- AIM OF THE EXERCISE
Every line from the line containing "816 Fairway Avenue Property Photo 9" to the end of the data must appear in the answer exactly as it appears there, and nothing else.

--- SUPPLIED RECORDS ---

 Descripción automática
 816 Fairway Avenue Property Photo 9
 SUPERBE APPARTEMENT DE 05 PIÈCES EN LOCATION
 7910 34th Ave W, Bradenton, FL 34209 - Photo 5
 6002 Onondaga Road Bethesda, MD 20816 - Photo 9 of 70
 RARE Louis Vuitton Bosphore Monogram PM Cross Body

---

- TASK RESPONSE
 816 Fairway Avenue Property Photo 9
 SUPERBE APPARTEMENT DE 05 PIÈCES EN LOCATION
 7910 34th Ave W, Bradenton, FL 34209 - Photo 5
 6002 Onondaga Road Bethesda, MD 20816 - Photo 9 of 70
 RARE Louis Vuitton Bosphore Monogram PM Cross Body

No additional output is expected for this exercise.